È stato il giorno dei muscoli e delle grida. Era inevitabile, al punto a cui si era arrivati. Tutti se ne rammaricano, ripetendosi l’ovvietà che «non si modifica così la Costituzione», frase magari un po’ paradossale quando viene pronunciata da chi a modificare la Costituzione non ci avrebbe mai neanche provato. O da commentatori che hanno costruito carriere su vibranti denunce della timidezza della politica nel fare le riforme.

In realtà, la forzatura decisa dai capigruppo di maggioranza insieme a Grasso era diventata un passaggio obbligato dopo l’indisponibilità delle opposizioni a ridurre quegli ottomila emendamenti che avrebbero trascinato la discussione fin oltre dicembre.

Come s’è capito benissimo, lo scontro di palazzo Madama non ha molto a che fare col tema del bicameralismo, mentre c’entra parecchio col tentativo di far abbassare la cresta a Matteo Renzi. Un confronto esclusivamente politico. Un intento che giustifica la saldatura tra forze eterogenee come quelle radunatesi davanti al Quirinale.

Se si coglie questo punto si capisce anche la risposta di Renzi, convinto di non poter dare segni di debolezza in questo momento, pena il venir giù di tutto l’edificio.

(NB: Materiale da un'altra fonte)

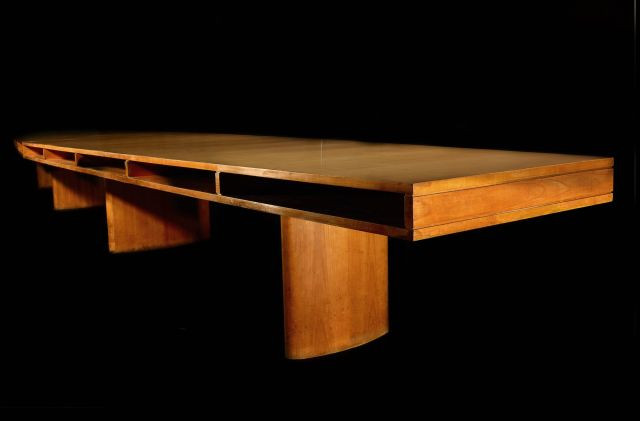 Charlotte PERRIAND (1903-1999) Importante table de conférence à double plateau - 1947 Double plateau en placage de bois, pieds oblon...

In generale, i problemi sono la conseguenza negativa di una situazione che precede l’arrivo di Renzi a palazzo Chigi e risale all’inizio della legislatura, ovvero la coincidenza tra mandato di governo e mandato per le riforme istituzionali: o il governo ci prova (e si arriva allo scontro), oppure non ci prova, e allora abbiamo lo stallo sperimentato finché c’era Letta.

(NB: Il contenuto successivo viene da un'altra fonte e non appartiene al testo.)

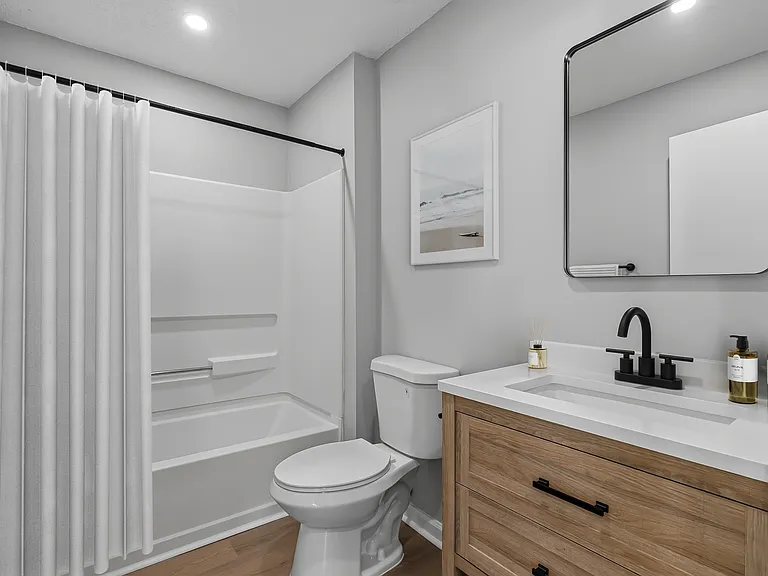 The Pointe @ Apex Apartments — Photo 24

Rimane il fatto che sulle modifiche alla Costituzione, pur non potendo tenere insieme tutti, è meglio allargare che escludere. Lo si è tentato finora, ci si è riusciti solo in parte, bisognerà ricominciare a tentare appena si sarà consumato il rito reciproco (e, ripetiamo, inevitabile) dell’esibizione muscolare. Questo anche per scaricare Napolitano dall’improprio onere di mediazione che gli finisce puntualmente sulle spalle.

I margini di recupero, come quasi sempre in politica, ci sono, tra Pd e Sel ma non solo. Vendola vorrà evitare di finire definitivamente confuso con gli sbandamenti tatticisti di Cinquestelle, e sa di non poter pretendere che il Pd rinunzi ai suoi paletti, in primis l’elezione indiretta dei senatori. Vedremo presto se, ristabilito il diritto della maggioranza ad andare avanti, si riaprirà una sana discussione sul merito.